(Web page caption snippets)
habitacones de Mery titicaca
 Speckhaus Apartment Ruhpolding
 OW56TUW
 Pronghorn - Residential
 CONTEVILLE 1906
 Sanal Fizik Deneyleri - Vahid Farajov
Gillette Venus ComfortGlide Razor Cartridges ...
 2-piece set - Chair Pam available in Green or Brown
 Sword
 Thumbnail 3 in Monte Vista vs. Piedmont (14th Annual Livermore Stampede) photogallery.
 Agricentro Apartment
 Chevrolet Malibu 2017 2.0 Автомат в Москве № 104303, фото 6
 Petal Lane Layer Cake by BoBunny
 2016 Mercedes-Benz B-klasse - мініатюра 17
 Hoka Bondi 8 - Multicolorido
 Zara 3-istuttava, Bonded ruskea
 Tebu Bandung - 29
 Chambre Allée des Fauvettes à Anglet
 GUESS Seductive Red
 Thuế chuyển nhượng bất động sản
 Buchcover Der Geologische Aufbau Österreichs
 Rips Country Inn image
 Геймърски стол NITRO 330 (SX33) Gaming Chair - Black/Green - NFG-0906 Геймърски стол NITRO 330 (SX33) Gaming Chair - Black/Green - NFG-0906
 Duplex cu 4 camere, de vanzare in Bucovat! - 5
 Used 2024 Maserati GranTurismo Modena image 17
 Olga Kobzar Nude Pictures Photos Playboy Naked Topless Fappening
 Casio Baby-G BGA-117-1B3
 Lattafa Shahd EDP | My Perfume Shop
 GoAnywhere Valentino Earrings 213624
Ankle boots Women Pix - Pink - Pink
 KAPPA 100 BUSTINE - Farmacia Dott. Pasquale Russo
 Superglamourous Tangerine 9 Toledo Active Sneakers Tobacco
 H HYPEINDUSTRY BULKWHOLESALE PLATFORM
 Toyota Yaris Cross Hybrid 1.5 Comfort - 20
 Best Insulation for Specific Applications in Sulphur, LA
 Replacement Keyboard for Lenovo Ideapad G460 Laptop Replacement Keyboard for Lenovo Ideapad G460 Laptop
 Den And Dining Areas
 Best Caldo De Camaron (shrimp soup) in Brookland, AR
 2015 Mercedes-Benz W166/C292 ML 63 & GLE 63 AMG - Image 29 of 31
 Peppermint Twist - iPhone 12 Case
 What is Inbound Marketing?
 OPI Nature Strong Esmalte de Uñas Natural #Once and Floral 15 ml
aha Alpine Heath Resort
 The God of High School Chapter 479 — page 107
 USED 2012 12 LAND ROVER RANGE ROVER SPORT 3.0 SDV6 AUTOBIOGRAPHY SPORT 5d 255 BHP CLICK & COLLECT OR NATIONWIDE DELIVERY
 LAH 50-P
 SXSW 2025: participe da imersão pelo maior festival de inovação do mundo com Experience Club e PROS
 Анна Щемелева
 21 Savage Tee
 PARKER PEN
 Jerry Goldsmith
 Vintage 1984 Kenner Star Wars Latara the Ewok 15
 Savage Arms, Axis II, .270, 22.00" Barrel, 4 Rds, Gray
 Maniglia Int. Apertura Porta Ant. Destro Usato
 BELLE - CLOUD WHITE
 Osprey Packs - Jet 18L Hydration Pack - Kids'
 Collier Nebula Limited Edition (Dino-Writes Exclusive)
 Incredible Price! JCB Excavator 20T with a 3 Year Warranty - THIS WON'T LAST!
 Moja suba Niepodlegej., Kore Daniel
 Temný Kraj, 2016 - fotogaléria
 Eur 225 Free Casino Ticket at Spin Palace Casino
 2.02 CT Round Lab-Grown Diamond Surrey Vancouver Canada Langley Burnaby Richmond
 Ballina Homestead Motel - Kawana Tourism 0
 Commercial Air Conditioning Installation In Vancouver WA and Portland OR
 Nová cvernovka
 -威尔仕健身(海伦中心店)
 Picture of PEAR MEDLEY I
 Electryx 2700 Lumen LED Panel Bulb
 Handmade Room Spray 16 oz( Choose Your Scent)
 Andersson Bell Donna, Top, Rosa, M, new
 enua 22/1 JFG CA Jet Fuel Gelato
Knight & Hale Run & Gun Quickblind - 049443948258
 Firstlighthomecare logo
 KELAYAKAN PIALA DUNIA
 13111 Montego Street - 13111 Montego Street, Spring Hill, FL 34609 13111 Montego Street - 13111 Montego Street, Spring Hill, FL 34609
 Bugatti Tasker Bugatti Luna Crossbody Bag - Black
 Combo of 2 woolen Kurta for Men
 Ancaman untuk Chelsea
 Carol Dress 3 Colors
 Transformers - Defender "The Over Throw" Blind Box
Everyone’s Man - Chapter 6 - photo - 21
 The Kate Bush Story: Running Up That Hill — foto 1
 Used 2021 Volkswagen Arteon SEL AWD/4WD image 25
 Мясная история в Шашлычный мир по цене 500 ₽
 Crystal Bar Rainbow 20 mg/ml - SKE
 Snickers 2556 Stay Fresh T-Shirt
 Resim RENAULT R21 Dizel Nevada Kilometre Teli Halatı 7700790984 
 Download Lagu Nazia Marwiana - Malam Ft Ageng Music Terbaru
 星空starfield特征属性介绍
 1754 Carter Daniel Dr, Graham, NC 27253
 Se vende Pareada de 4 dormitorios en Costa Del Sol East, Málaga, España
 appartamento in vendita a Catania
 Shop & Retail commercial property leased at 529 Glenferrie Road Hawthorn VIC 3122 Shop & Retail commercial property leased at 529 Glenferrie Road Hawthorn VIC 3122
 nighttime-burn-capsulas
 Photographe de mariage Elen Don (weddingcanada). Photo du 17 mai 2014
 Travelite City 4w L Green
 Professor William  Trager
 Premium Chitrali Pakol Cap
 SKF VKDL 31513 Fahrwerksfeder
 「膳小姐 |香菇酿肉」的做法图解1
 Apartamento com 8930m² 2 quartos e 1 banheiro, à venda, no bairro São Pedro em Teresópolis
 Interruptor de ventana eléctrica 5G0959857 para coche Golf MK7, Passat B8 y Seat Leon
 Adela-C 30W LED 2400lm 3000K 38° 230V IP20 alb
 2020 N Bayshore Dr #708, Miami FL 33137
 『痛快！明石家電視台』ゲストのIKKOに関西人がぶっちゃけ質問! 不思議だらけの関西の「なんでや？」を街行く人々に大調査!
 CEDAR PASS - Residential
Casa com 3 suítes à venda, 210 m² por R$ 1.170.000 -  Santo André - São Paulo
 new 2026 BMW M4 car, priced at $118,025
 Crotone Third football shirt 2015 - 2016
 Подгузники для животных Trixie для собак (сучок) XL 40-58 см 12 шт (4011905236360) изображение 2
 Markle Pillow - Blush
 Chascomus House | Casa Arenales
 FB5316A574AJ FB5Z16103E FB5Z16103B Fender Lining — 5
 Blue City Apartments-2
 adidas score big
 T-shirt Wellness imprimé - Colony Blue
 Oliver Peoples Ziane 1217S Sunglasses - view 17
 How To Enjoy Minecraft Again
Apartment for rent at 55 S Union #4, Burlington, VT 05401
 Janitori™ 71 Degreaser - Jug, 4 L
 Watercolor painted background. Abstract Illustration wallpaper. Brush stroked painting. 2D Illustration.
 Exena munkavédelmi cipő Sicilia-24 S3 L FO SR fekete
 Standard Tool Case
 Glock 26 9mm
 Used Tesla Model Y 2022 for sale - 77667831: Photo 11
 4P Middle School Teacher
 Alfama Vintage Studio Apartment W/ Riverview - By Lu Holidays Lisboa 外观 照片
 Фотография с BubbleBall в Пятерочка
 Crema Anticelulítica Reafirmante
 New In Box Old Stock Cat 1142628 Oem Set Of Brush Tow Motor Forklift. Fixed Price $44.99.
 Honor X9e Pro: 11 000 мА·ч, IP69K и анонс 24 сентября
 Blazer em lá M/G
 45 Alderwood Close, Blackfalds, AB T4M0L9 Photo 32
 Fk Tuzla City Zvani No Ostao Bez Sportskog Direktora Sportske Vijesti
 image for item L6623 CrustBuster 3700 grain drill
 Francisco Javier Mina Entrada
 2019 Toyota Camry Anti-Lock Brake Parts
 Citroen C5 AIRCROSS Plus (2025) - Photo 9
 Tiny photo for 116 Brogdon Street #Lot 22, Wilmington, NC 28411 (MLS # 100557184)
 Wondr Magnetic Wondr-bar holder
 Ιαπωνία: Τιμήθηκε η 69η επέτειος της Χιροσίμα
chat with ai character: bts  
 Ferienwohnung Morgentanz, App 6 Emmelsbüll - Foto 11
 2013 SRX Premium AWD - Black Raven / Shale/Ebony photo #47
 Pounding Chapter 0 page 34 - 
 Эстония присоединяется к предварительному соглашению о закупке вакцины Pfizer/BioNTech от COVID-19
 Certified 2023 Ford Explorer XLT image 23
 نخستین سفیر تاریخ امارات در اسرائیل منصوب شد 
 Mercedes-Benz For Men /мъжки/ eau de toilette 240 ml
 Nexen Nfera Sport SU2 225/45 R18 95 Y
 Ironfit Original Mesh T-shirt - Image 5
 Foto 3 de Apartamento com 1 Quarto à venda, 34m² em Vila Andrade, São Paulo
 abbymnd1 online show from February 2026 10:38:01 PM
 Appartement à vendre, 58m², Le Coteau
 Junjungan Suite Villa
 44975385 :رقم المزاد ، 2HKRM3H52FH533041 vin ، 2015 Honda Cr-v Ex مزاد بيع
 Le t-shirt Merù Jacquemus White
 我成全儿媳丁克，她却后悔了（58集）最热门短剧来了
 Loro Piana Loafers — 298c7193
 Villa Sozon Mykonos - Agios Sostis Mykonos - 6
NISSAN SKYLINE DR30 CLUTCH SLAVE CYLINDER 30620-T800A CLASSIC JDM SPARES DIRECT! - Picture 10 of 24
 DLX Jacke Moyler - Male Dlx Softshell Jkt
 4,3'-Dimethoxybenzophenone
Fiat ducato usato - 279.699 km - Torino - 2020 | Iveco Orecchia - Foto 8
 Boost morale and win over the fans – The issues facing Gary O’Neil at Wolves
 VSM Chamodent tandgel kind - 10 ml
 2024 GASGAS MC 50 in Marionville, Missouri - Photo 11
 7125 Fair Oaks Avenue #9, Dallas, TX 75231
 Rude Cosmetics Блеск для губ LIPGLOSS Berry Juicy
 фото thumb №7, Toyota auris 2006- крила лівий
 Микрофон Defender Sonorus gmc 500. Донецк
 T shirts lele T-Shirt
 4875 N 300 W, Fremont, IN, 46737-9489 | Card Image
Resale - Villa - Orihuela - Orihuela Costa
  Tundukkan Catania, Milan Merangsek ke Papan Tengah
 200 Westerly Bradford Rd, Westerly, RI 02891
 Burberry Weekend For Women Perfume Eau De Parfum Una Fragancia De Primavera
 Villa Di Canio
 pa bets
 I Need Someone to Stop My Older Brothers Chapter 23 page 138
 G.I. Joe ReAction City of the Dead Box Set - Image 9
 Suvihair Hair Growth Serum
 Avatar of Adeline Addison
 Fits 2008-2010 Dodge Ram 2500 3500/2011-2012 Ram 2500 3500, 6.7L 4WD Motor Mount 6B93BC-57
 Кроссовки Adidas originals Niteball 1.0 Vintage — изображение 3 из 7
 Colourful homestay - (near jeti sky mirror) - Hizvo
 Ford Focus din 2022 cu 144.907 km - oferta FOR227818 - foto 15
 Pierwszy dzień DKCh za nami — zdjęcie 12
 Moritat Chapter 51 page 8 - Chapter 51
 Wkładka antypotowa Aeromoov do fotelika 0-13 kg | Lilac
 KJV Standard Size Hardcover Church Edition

**Task description:** Identify the lines in the entries above that contain "Catania", then copy them out.

**Result of the exercise:**
 appartamento in vendita a Catania
  Tundukkan Catania, Milan Merangsek ke Papan Tengah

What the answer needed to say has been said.